Task directions:
Write out the full set of records exactly. Any pictures in them do not belong in the copy.

Image-text web data:
=-=-=-=-=
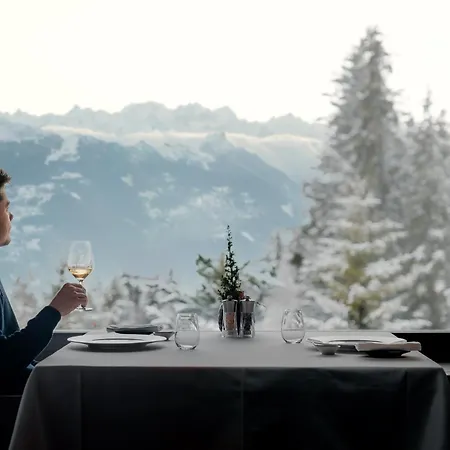 Lecrans Otel Crans-Montana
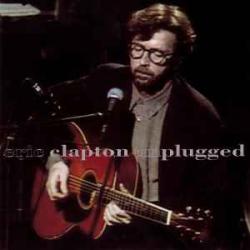ERIC CLAPTON UNPLUGGED Фирменный CD ERIC CLAPTON UNPLUGGED Фирменный CD
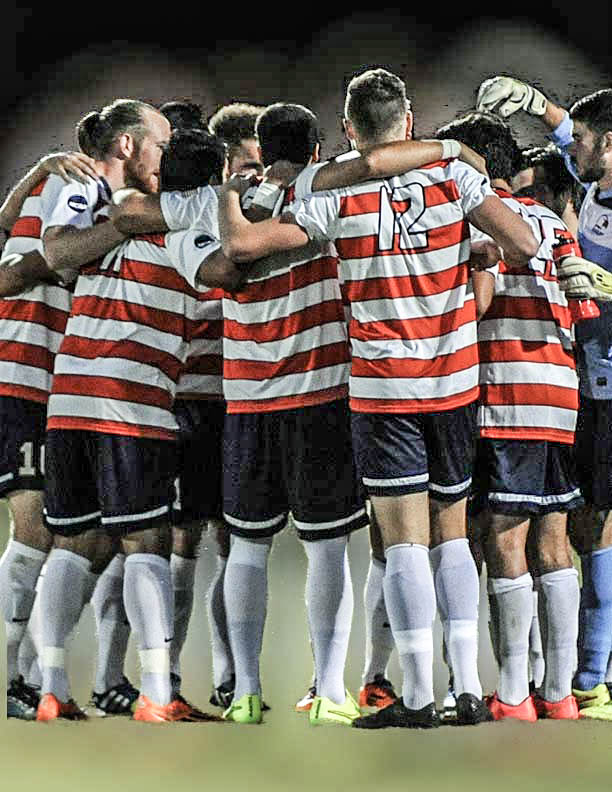 2015 Carson-Newman Men's Soccer Media Guide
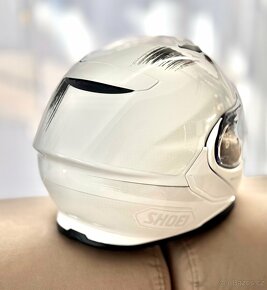 Shoei Neotec 3 vel. XL, Nová, Záruka 5 let - 10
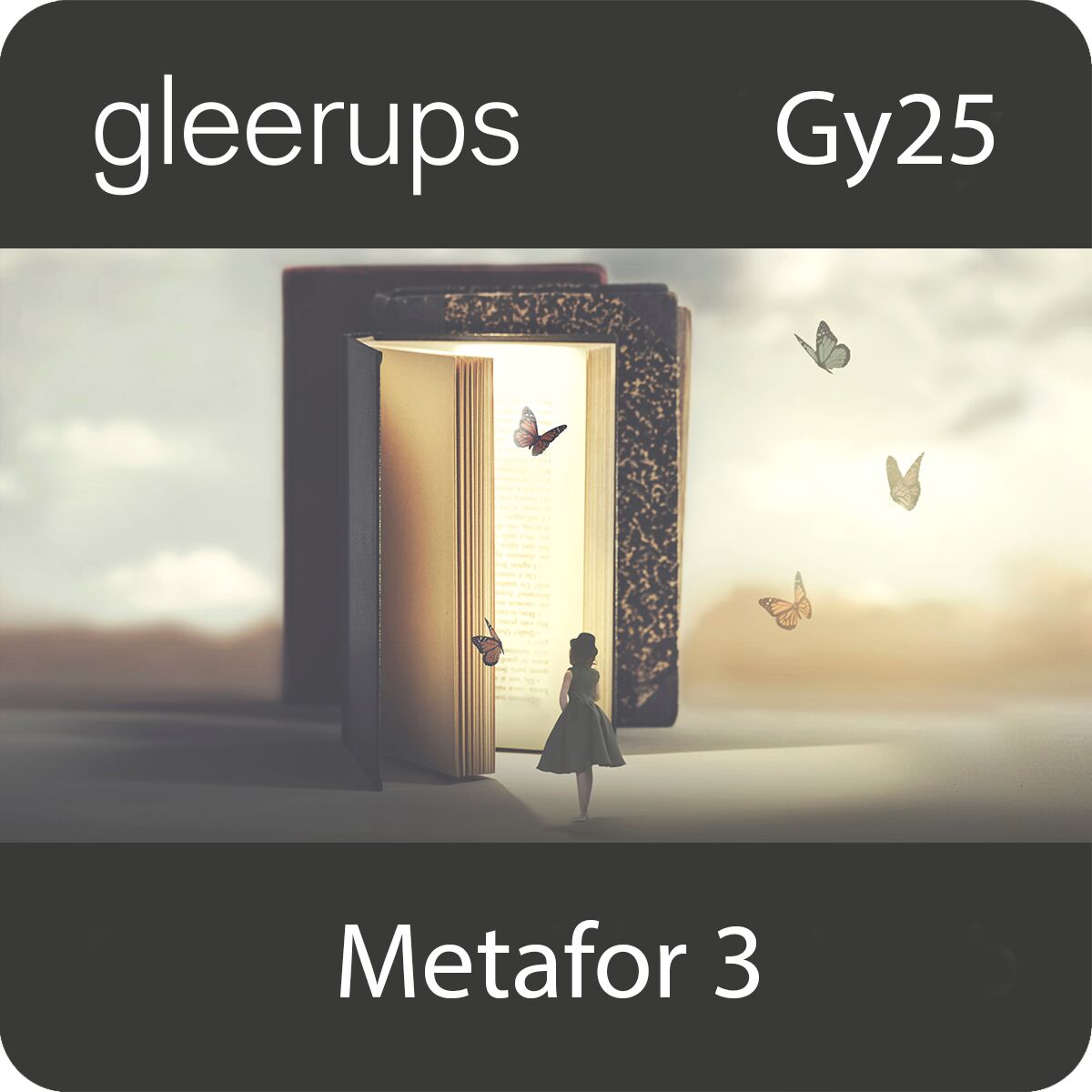 Metafor svenska 3, digitalt läromedel, elev, Gy25
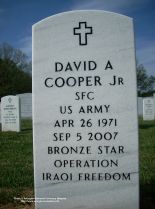 David A. Cooper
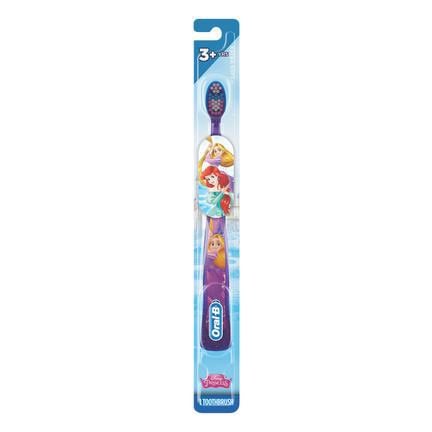 Oral-B Pro-Health Oral-B Kids&rsquo; 3+ Years Toothbrushes, Disney Princess, 6/bx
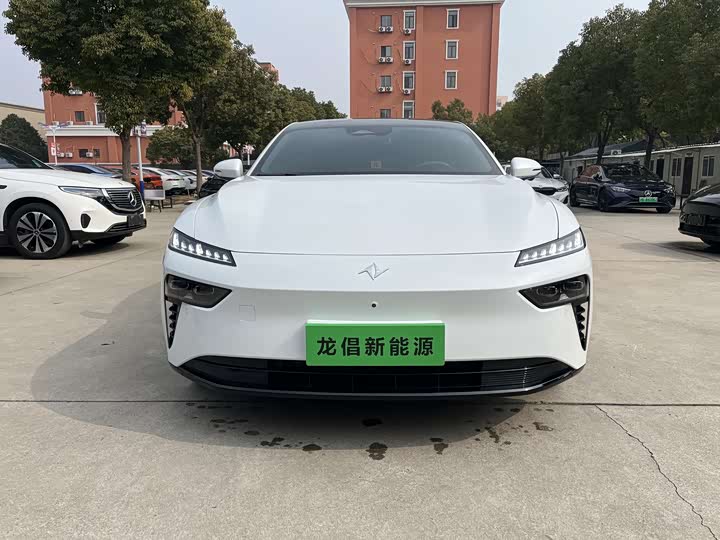 Dongfeng Yipai eπ 007 2025 2025款 纯电 650Max巡航版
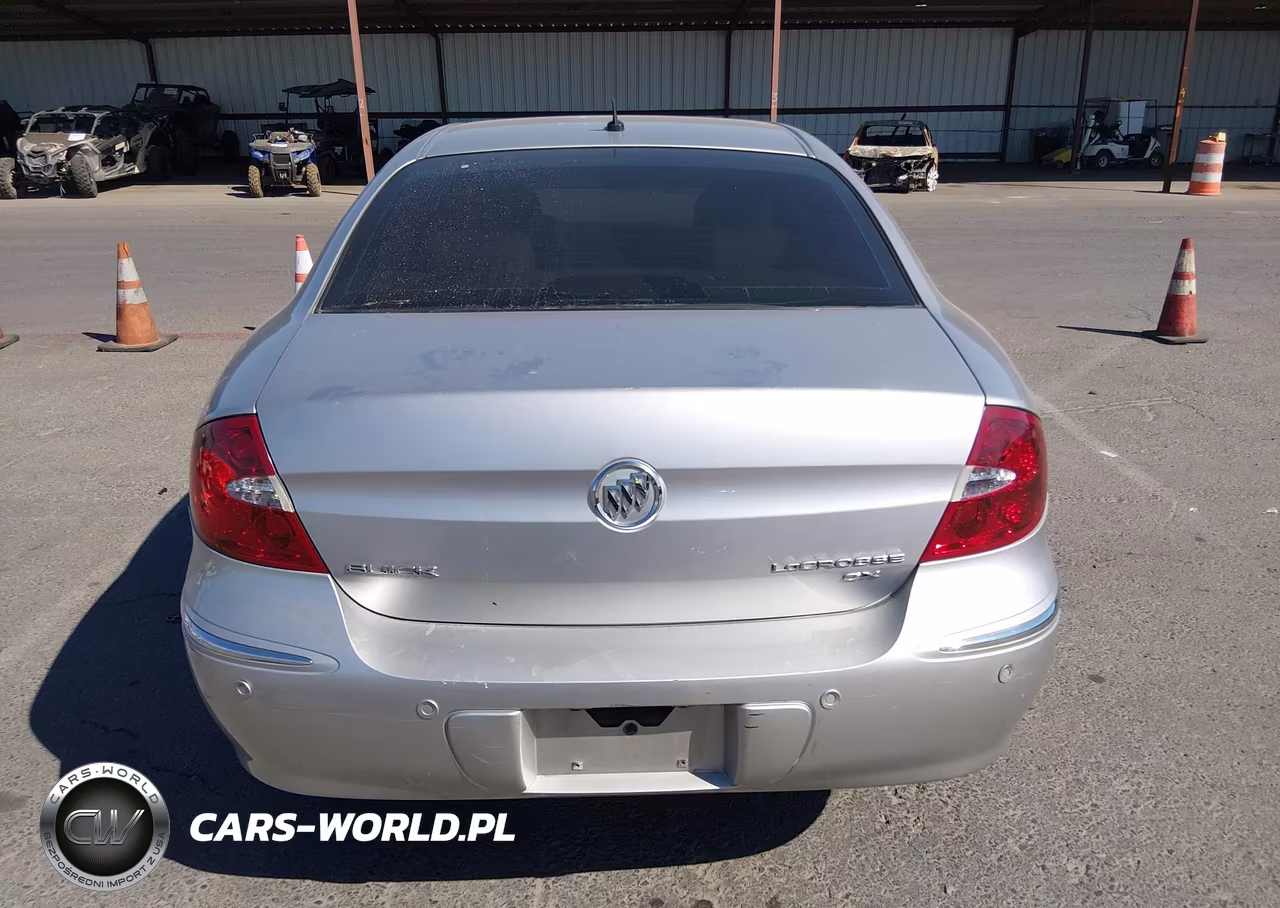 2006 Buick Lacrosse Cxl VIN:2G4WD582261172802 - 17
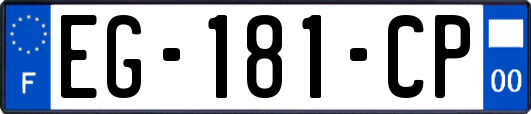 EG-181-CP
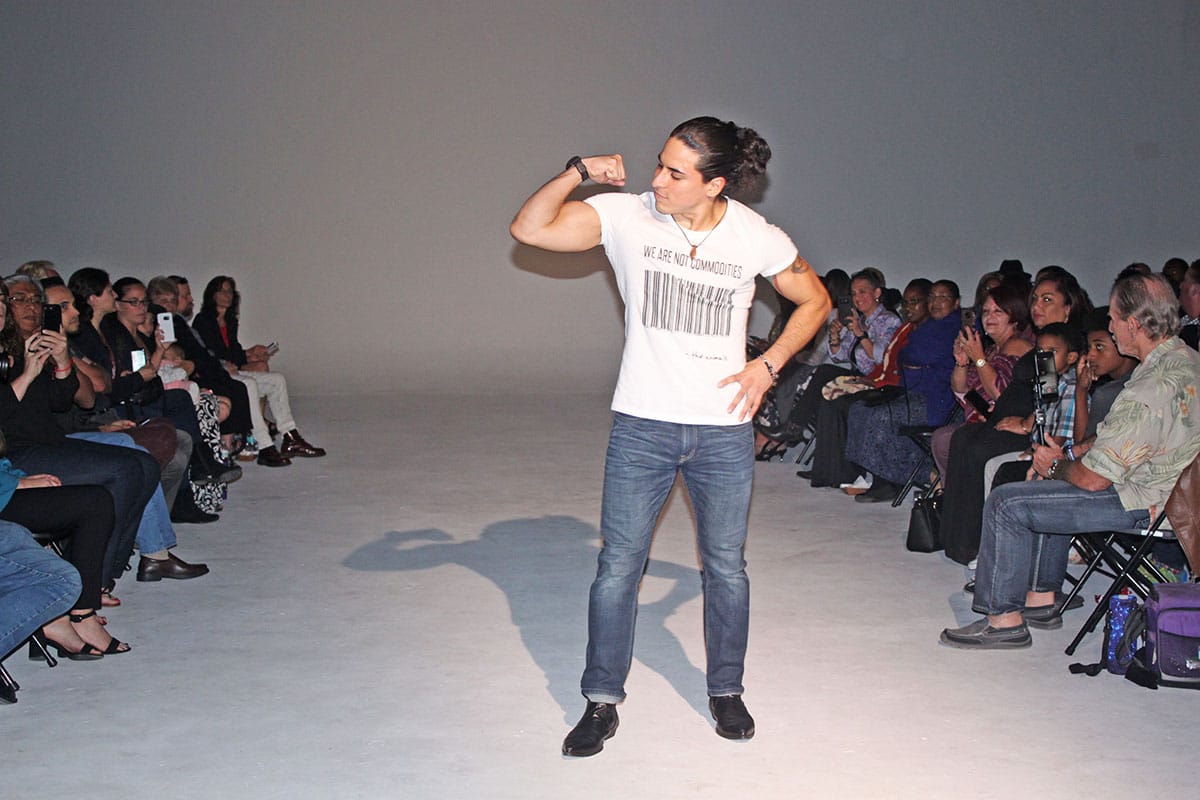 The 2018 International Vegan Fashion Show by Noor XVII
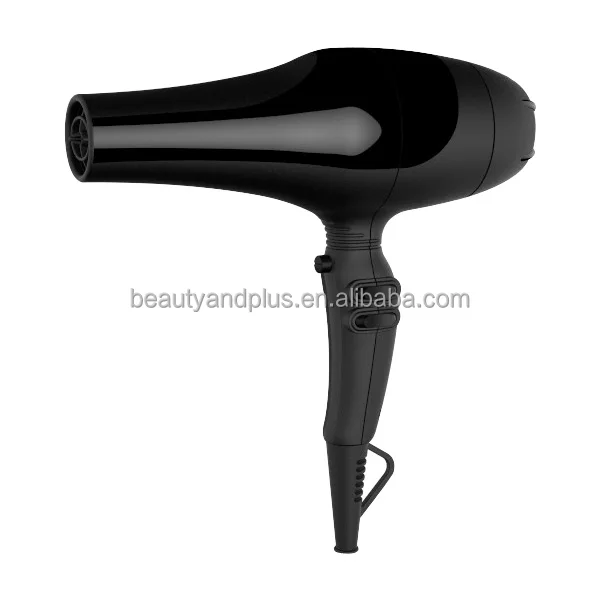 Профессиональный бесщеточный моторный шепот и зажигалка для сушки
=-=-=-=-=
Solution to the exercise:
 Lecrans Otel Crans-Montana
ERIC CLAPTON UNPLUGGED Фирменный CD ERIC CLAPTON UNPLUGGED Фирменный CD
 2015 Carson-Newman Men's Soccer Media Guide
 Shoei Neotec 3 vel. XL, Nová, Záruka 5 let - 10
 Metafor svenska 3, digitalt läromedel, elev, Gy25
 David A. Cooper
 Oral-B Pro-Health Oral-B Kids&rsquo; 3+ Years Toothbrushes, Disney Princess, 6/bx
 Dongfeng Yipai eπ 007 2025 2025款 纯电 650Max巡航版
 2006 Buick Lacrosse Cxl VIN:2G4WD582261172802 - 17
 EG-181-CP
 The 2018 International Vegan Fashion Show by Noor XVII
 Профессиональный бесщеточный моторный шепот и зажигалка для сушки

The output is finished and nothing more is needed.